Paley was the founder and driving force behind CBS, whose innovative programming brought us such television icons as Edward R. Murrow and "I Love Lucy." Paley began collecting modern art in the 1930s when he bought a small self-portrait by Paul Cezanne from the artist's son. It is one of the gems in the de Young exhibition, along with an important landscape and a still life of a milk can and apples, also by Cezanne.
Including masterful pieces by Paul Gauguin, Pablo Picasso, Andre Derain, Pierre Bonnard and Henri Matisse, the show opens with a vibrant Gauguin painting of his Tahitian mistress in an exotic island setting. Nearby is another stunning Gauguin a scene of washerwomen at a river in Arles where the artist worked for a brief period with Vincent van Gogh.
As you move through the exhibit, you find many surprises, from Picasso's rose period "Nude With Joined Hands" to a small but exciting Edouard Vuillard painting of a shadowy interior titled "The Green Lamp."
In addition to several major Picassos, including the masterpiece of analytical cubism "The Architect's Table," there is an ethereal cubist still life by Georges Braque that lends credence to the beliefs of some that he was a more serious artist than Picasso.

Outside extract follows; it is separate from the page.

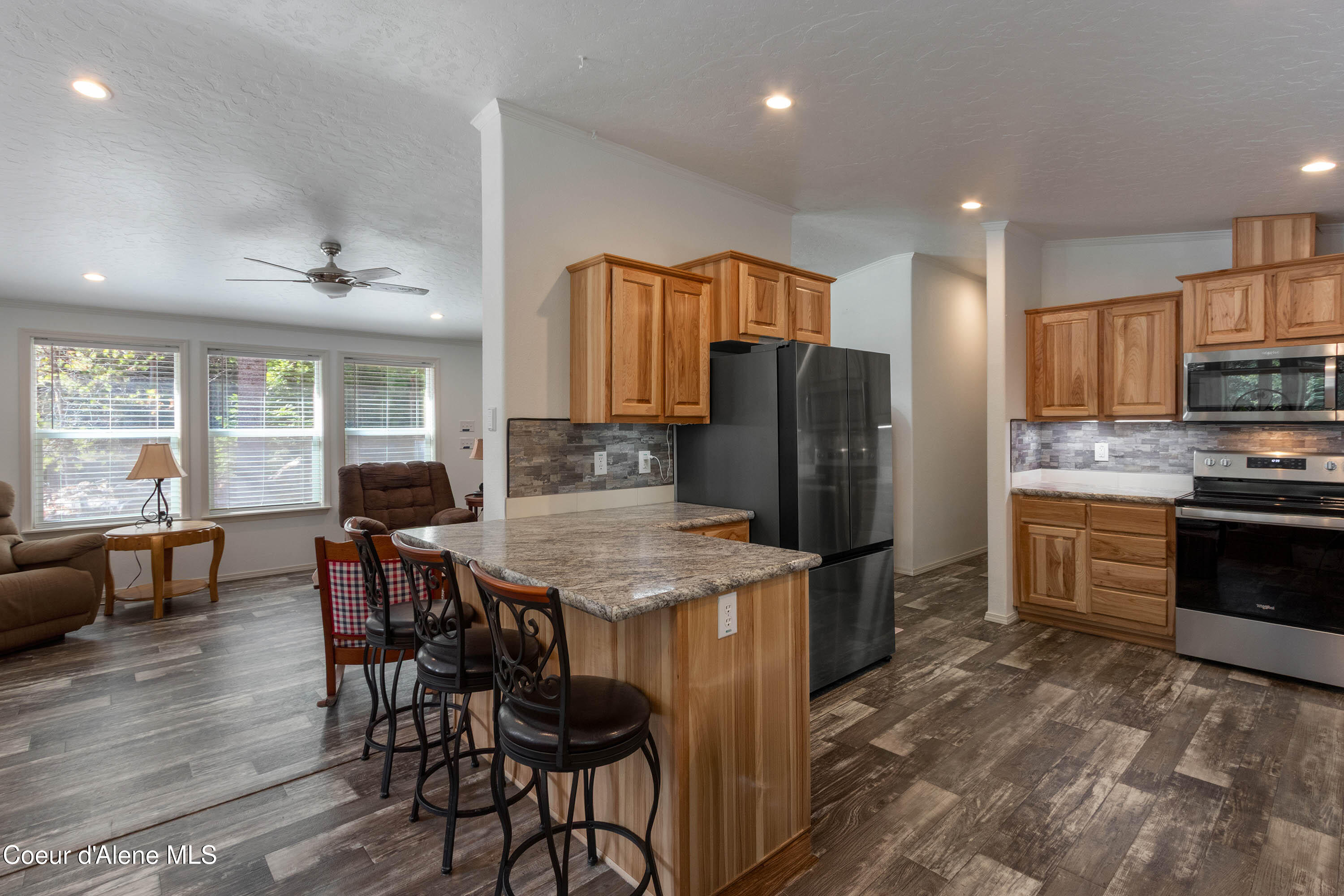533 Artisan Way Sandpoint, ID 83864 - Photo 15 of 40 Kitchen to Living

Edgar Degas and Henri Toulouse-Lautrec were masterful drafsmen, as shown by a gritty charcoal drawing of ballet dancers by Degas and a dashing painting of a saucy, newly rich woman by Toulouse-Lautrec.
Matisse is represented by two seminal figure paintings from his Nice period, "Woman With a Veil" and "Odalisque With a Tambourine." Also on view is a potboiler of a painting of an actor in costume as a musketeer that shows that genius is not always at work in even the greatest of artists.

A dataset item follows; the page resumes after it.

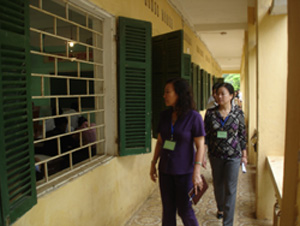 Thứ trưởng Bộ GD-ĐT Nguyễn Thị Nghĩa cùng đoàn công tác kiểm tra thi tại Lương Sơn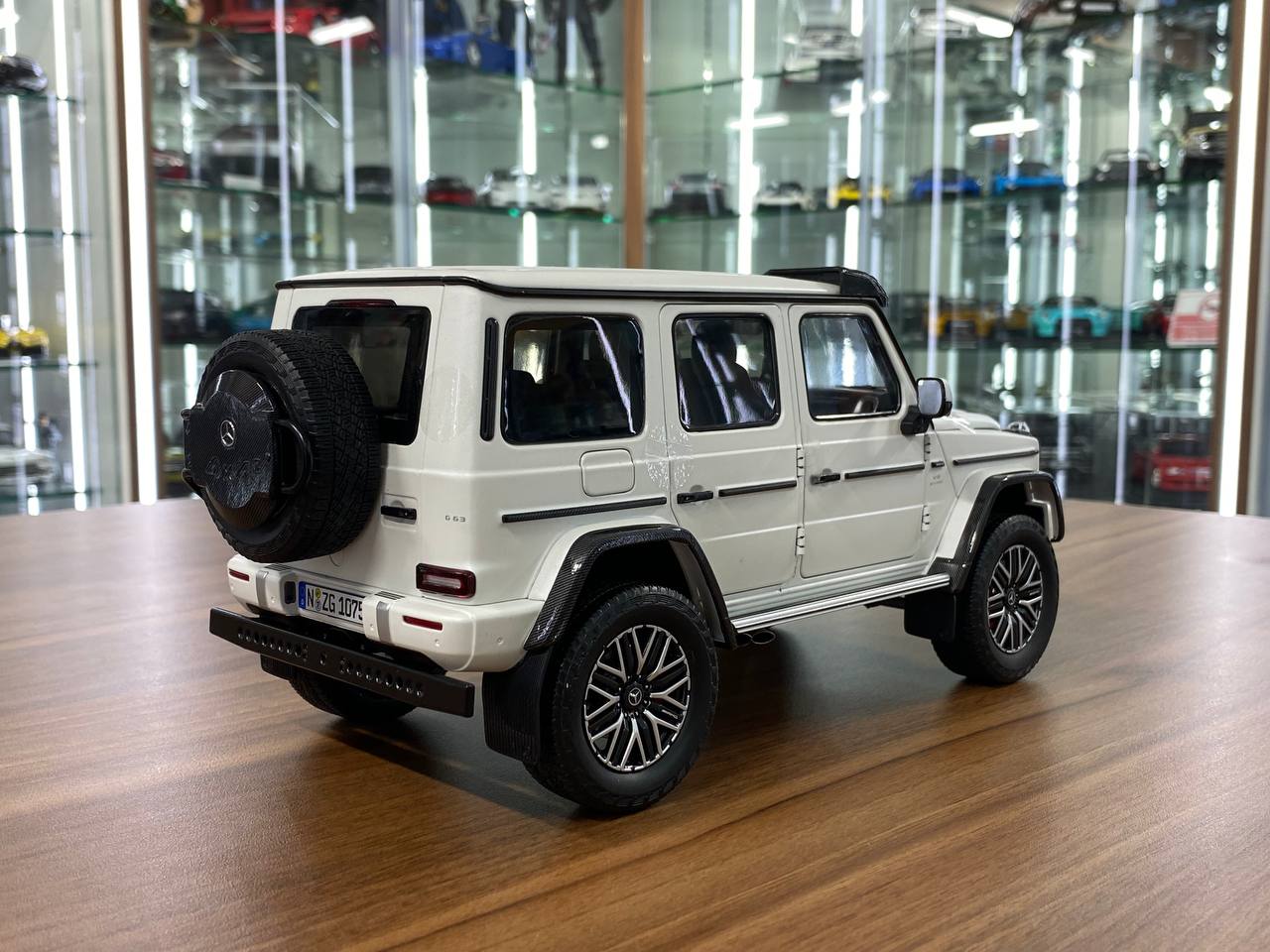 1/12 Diecast NZG Modelle GmbH Mercedes Benz AMG G 63 4x4 Pearl white |Full opening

Equally out of place in this mostly fine show is a late painting by Derain, again of actors in costume, from his reactionary phase in the 1930s. Fortunately there is a brilliant fauvist landscape from 1906, "Bridge Over the Riou," to make up for it.
For the most part, this is a fairly coherent show, not of a unifying historical period or theme, but a strongly personal collection of works that were hung in Paley's Fifth Avenue apartment as several photographs of works in situ reveal.

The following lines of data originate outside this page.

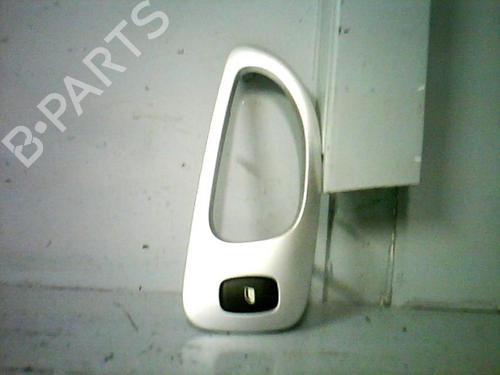 Used Right rear window switch PEUGEOT 307 Break (3E) 2.0 HDi 135 (136 hp) 21310767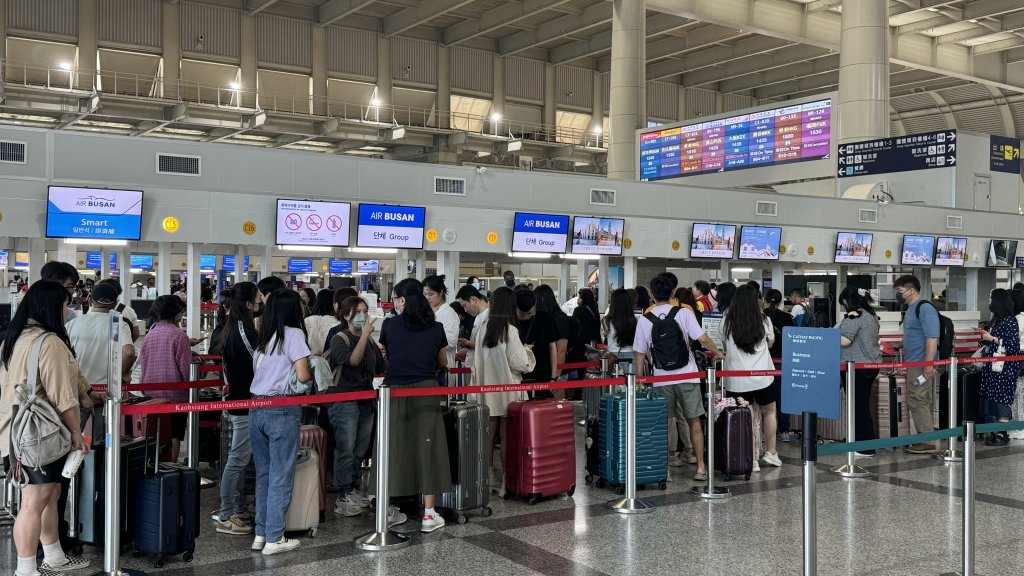 快訊／雷雨炸南台！台南、高雄機場暫停地面作業　航班受影響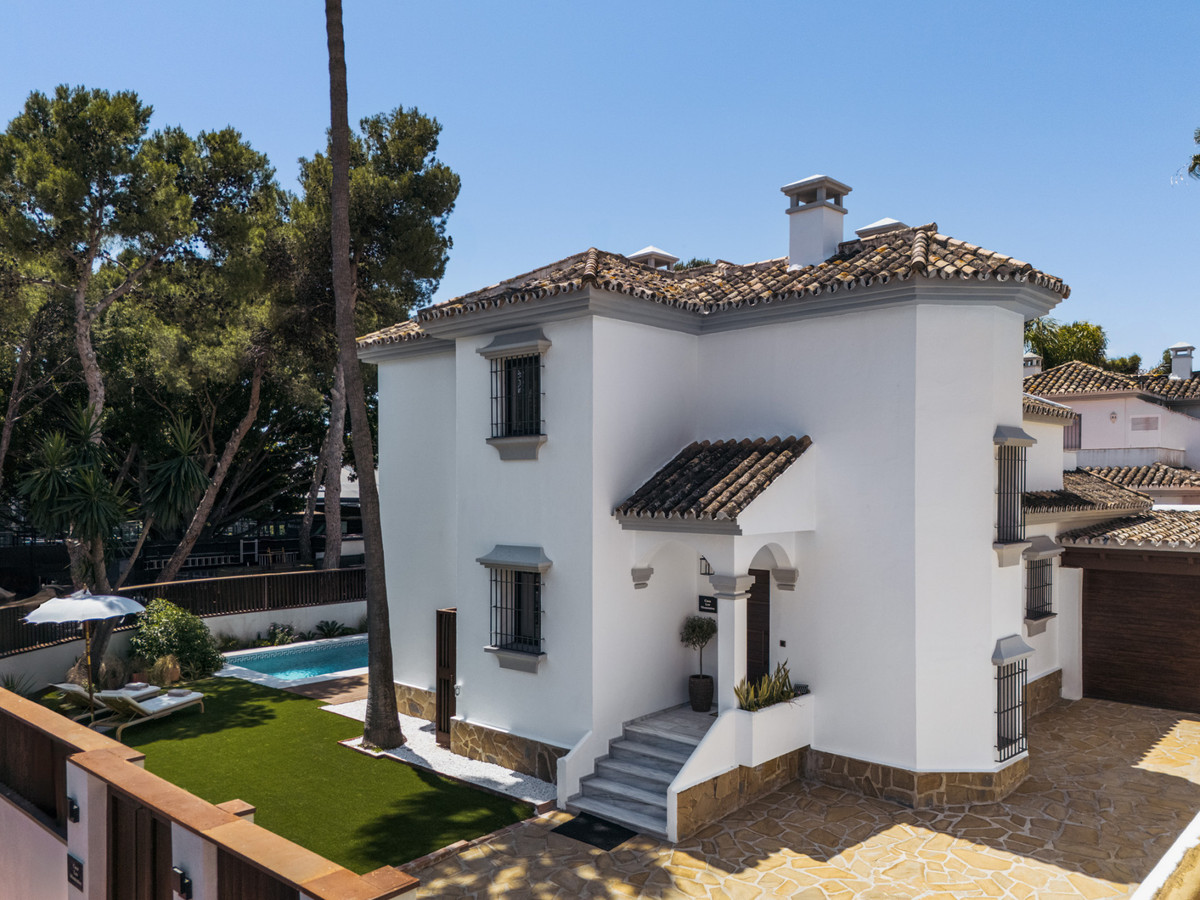 6 Bed Townhouse for sale in Nueva Andalucía Costa Del Sol, Málaga, Spain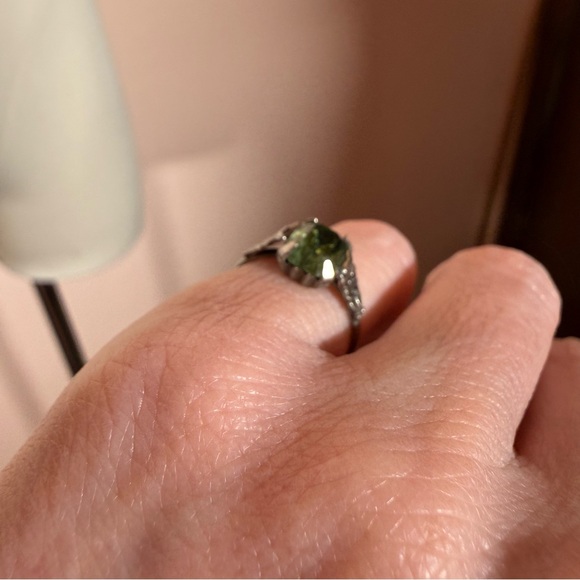 Vintage antique designer art deco Sterling silver emerald cut Green Glass Ring - Picture 17 of 17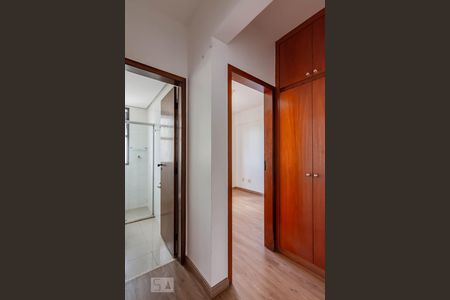 Corredor de apartamento para alugar com 3 quartos, 100m² em Cruzeiro, Belo Horizonte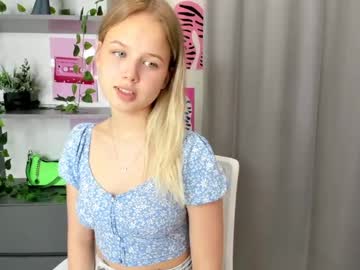 girl tenderness_18 image #7048197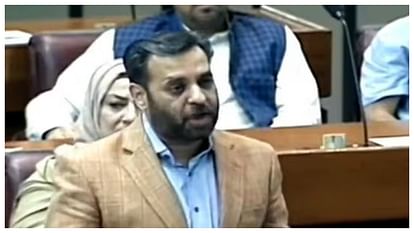 pakistan lawmaker syed mustafa kamal praise india in parliament compare karachi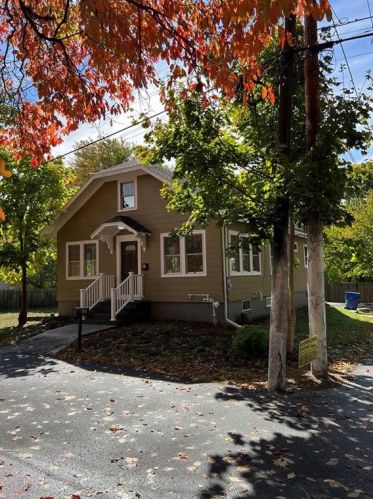 67 Maywood Ave, Warwick, RI 02889-2535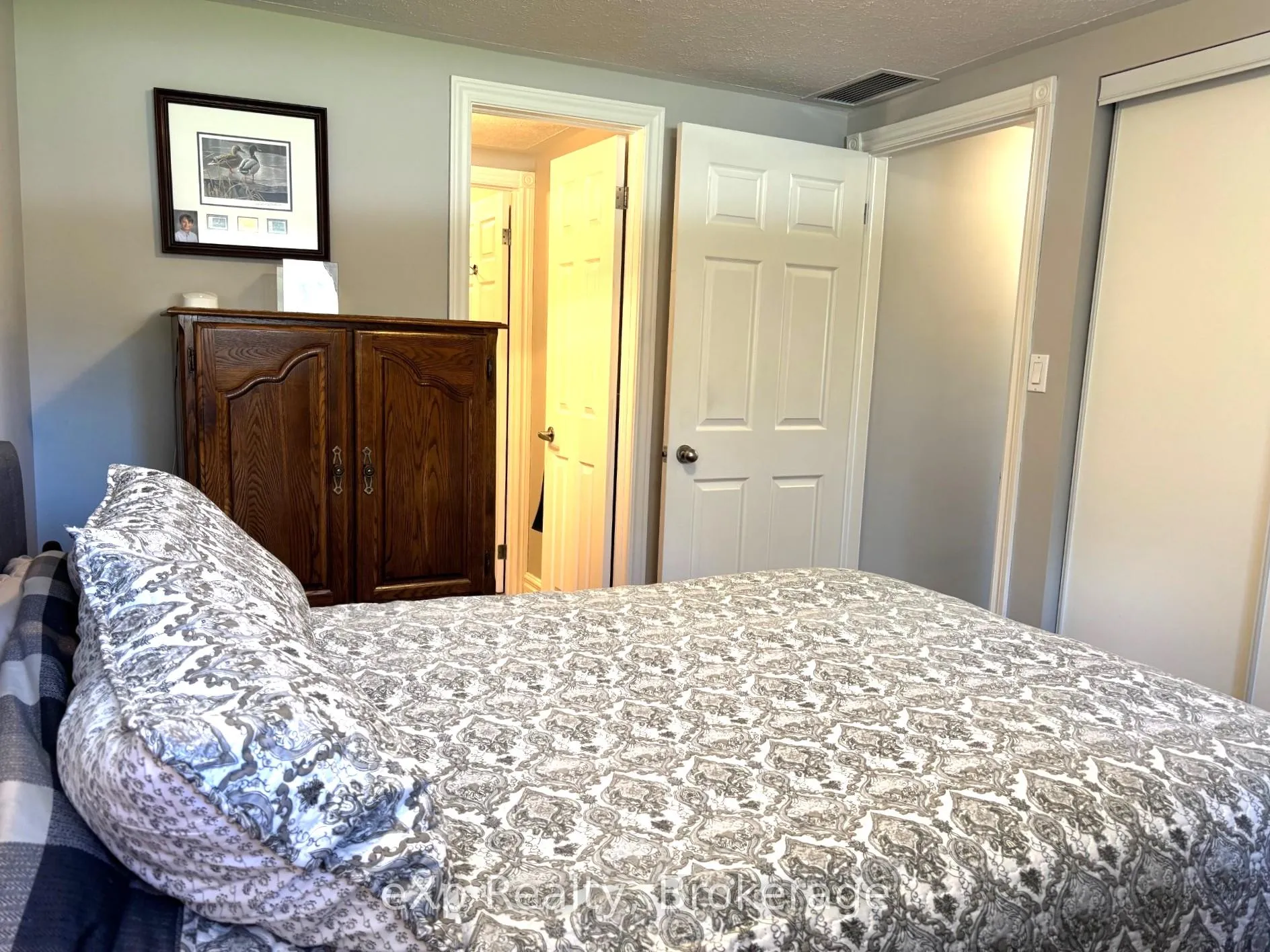 Photo 25 of Unit 204, 85 William Street N, Brockton — HOMEH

In addition to the unfortunate Matisse and Derain works, there are some pieces that just do not seem to belong in this assemblage, among them a pair of Francis Bacon triptychs, an Edward Hopper landscape and an intriguing painting of industrial sites in Pittsburgh by the self-taught artist John Kane. They are not unworthy works but they deviate from the main thrust of the show.
The exhibition demonstrates how a patron of the arts can give generously to an institution. In addition to leaving his collection to MoMA, Paley served as the museum's president, as chairman of the board, and chairman of the painting and sculpture committee. It is to be hoped that his example will inspire patrons in the Bay Area to participate in similar ways.
The William S. Paley Collection: A Taste for Modernism
Where: M.H. de Young Museum, 50 Hagiwara Tea Garden Drive, Golden Gate Park, San Francisco.
When: 9:30 a.m. to 5:15 p.m. Tuesday-Sunday; 9:30 a.m. to 8:45 p.m. Friday (No Friday hours after Nov. 23). Closed Monday, Thanksgiving Day and Christmas Day. Through Dec. 30.
Cost: $20 general, $17 seniors 65 and older, $16 students with current ID, $10 youths 6-17, free for children 5 and under and some members.